South Africa’s economy is recovering from its second recession in less than a decade and has been held back by political and economic stagnation under an unpopular and scandalridden leader, as well as by concerns over a credit rating downgrade. We believe Ramaphosa is investor friendly and that his policies will improve growth prospects. Many South African companies have excellent management teams, and we expect the country’s equity markets could continue to benefit from the change in leadership.

However, Ramaphosa has less than a year before the election to sell his economic reform platform to voters and investors. Significant optimism has been priced into the bond markets, but it should not be underestimated how difficult it will be to turn promises into policies. In our equities portfolios, we maintain a large overweight position, expecting that the equity markets have not priced in all the positives this new leadership will bring.

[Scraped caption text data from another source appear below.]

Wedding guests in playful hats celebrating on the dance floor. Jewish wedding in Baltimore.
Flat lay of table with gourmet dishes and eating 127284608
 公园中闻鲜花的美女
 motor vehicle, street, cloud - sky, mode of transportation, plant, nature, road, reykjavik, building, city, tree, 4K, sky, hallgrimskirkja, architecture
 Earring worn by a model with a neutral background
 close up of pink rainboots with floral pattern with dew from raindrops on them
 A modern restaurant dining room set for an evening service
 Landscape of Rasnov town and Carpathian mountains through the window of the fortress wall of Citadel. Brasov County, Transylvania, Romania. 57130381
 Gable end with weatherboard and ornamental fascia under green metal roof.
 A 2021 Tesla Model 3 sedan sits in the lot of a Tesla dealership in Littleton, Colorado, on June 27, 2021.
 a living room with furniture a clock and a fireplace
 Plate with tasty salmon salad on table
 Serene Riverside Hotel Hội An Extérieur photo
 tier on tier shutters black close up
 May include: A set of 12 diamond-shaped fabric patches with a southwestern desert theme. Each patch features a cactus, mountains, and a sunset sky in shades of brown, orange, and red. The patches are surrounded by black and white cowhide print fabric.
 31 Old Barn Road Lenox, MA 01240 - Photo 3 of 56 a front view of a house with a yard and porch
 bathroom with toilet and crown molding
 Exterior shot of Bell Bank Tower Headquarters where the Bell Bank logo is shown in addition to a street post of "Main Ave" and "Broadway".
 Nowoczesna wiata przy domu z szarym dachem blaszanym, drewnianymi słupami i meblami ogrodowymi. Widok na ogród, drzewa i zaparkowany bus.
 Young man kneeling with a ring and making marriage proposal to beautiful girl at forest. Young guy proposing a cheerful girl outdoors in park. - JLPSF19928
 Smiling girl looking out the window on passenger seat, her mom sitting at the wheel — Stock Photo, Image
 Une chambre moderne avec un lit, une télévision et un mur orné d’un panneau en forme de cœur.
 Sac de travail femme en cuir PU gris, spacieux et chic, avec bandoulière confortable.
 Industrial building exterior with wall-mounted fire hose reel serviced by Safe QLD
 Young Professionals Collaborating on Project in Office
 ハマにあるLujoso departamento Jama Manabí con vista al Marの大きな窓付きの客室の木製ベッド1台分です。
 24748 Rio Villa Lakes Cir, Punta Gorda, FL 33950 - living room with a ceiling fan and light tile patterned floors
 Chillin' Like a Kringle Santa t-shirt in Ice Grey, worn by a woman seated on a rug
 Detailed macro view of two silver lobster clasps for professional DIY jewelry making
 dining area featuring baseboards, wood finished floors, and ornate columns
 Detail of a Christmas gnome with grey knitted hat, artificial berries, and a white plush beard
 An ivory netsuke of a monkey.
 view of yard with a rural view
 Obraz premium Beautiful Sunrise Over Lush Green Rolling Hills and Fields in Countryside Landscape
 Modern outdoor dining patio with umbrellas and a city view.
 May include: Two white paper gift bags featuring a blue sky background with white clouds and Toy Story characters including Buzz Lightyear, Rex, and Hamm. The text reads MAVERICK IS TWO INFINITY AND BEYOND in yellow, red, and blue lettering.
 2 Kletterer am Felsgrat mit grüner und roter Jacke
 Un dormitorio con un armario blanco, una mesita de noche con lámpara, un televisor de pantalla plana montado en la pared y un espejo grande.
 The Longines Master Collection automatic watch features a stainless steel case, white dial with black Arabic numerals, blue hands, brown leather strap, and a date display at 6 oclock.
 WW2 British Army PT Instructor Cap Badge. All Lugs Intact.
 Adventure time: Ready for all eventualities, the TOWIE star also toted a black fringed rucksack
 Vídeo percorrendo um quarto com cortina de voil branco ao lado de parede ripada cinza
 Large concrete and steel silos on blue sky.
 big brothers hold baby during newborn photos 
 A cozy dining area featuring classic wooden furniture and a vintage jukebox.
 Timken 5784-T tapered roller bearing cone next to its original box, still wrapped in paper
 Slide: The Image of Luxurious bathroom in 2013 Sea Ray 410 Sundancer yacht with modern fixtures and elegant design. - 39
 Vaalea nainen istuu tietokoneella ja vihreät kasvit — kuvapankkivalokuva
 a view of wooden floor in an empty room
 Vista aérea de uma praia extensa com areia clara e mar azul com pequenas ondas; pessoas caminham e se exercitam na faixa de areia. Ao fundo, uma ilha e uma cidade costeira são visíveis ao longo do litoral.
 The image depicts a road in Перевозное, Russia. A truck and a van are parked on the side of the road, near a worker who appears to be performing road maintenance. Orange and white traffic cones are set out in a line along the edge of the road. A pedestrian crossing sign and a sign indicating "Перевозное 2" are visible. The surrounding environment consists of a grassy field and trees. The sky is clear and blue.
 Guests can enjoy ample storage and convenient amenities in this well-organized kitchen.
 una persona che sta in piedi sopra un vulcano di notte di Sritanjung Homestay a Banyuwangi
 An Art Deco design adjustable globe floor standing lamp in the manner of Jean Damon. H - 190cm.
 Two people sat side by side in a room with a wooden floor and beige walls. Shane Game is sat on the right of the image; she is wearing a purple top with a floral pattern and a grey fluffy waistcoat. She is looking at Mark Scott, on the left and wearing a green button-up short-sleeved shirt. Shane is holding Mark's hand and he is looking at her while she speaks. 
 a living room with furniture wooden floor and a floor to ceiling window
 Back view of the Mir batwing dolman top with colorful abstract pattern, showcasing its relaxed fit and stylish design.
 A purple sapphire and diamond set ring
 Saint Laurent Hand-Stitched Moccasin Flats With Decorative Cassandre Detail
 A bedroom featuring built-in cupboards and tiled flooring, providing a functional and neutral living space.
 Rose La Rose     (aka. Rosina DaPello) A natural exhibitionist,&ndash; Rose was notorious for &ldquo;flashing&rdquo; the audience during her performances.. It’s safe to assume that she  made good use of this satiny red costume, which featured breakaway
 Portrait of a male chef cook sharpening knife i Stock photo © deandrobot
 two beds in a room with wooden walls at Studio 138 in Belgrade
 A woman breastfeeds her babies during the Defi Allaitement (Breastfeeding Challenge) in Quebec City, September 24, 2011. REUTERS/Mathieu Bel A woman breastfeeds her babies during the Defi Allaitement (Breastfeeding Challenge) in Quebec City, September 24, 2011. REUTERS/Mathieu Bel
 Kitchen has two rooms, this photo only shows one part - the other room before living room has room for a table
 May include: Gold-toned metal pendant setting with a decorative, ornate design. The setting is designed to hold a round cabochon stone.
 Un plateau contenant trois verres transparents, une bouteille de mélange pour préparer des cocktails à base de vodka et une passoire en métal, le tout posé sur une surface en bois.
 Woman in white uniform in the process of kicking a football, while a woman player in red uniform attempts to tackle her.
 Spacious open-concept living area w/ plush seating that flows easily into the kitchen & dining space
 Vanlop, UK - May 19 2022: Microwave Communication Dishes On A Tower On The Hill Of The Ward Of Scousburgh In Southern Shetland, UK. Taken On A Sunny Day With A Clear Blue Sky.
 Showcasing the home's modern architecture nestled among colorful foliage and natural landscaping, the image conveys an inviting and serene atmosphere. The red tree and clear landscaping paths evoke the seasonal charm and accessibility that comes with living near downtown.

We will monitor local elections, data releases, and national discussion on hot-button issues such as land reform.

Election cycle's volatility could reveal opportunity

Emerging markets facing upcoming elections have made significant economic and structural reforms over the past 10 years, and thanks to improvements in their fiscal balances, current account deficits and foreign exchange regimes have become better able to withstand external financial shocks. Barring extreme negative election outcomes, economic recoveries in these emerging markets should progress regardless of the political cycle. Still, new governments should allow countries such as Egypt and South Africa to further restore investor confidence as they push ahead with reforms, boost foreign direct investment flows, and catalyze growth. In fact, with the exception of Mexico, we believe the economies mentioned are in the early cycle of a recovery in economic activity and are strongly positioned to continue their recovery.

While the outcomes of elections in Latin America are less certain, strong institutions in those countries should be able to ensure the rule of law. Domestic stocks, both growth and value, are reasonably valued.

Overall, the election cycle, with its inherent volatility and uncertainty, should allow investors a unique opportunity to further differentiate between emerging market countries at different stages of development, unlocking value in debt and equity markets.

Source: MSCI. MSCI makes no express or implied warranties or representations and shall have no liability whatsoever with respect to any MSCI data contained herein. The MSCI data may not be further redistributed or used as a basis for other indices or any securities of financial products. This report is not approved, reviewed, or produced by MSCI.
The specific securities identified and described above do not necessarily represent securities purchased, sold or recommended for clients in the strategy. This information is not intended to be a recommendation to take any particular investment action and is subject to change. No assumptions should be made that the securities identified and discussed above were or will be profitable. [Return to Text]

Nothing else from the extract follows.